By kdawson on sigh-of-relief-eh

mlauzon writes “The RCMP announced that it will stop targeting people who download copyrighted material for personal use (Google translation). Their priority will be to focus on organized crime and copyright theft that affects the health and safety of consumers, such as copyright violations related to medicine and electrical appliances, instead of the cash flow of large corporations. Around the same time that the CRIA successfully took Demonoid offline, the RCMP made clear that Demonoid’s users don’t have to worry about getting prosecuted, at least not in Canada. ‘Piracy for personal use is no longer targeted,’ Noël St-Hilaire, head of copyright theft investigations of the RCMP, said in an interview. ‘It is too easy to copy these days and we do not know how to stop it.'”

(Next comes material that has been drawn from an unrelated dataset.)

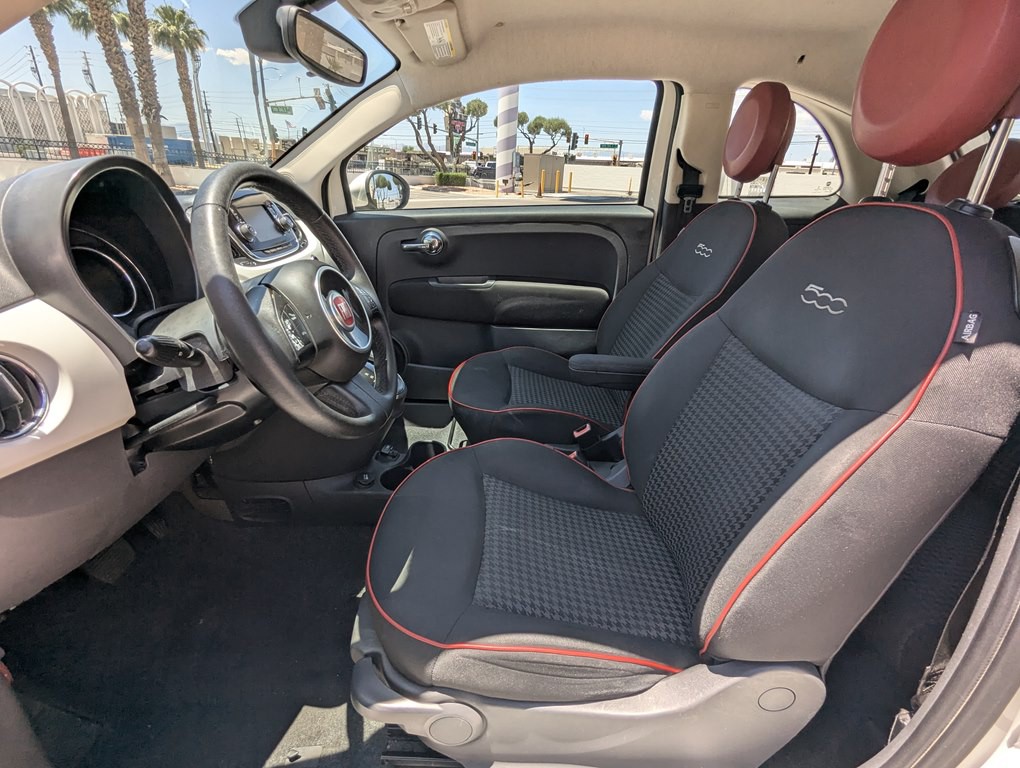 2016 FIAT 500 Image 8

. November 13, 2007 at 2:38 pm

Signs o’ the times

Nov 13th 2007
From Economist.com

RADIOHEAD is perhaps the most successful band to give away new music online, making its recent album, “In Rainbows”, available to download on a “pay-what-you-want” basis. Unfortunately for Radiohead—and music industry trend-spotters—62% of downloaders paid nothing, according to comScore, an internet information provider. Only 4% of fans paid over $12. Thankfully for the musician, songs are only one cash generator. Radiohead fans can also pre-order a swanky box set of the album at $80. In July Prince caused a fuss, giving away his new album with a mid-market British newspaper after his more lucrative concerts sold out in record time.

. November 20, 2007 at 9:46 am

Yorke paid nothing for own album

Radiohead frontman Thom Yorke has admitted he was among the thousands of people who paid nothing to download the band’s latest album.

. February 14, 2011 at 6:07 pm

Radiohead has made a surprise announcement that its new album, The King of Limbs, will be available for download on Saturday — months ahead of a physical release.

The British rock band made the announcement Monday on its website.

After grabbing headlines by releasing its last album, 2007’s In Rainbows, initially as a pay-what-you-like download, the band is experimenting with the new format again.

Following Saturday’s digital release, The King of Limbs will be also be available as what Radiohead calls a “newspaper album” beginning May 9. The expanded package includes a CD, two 10-inch vinyl records and artwork as well as the digital download.

The digital-only version is priced at $9 US for a MP3 file, $14 for a WAV.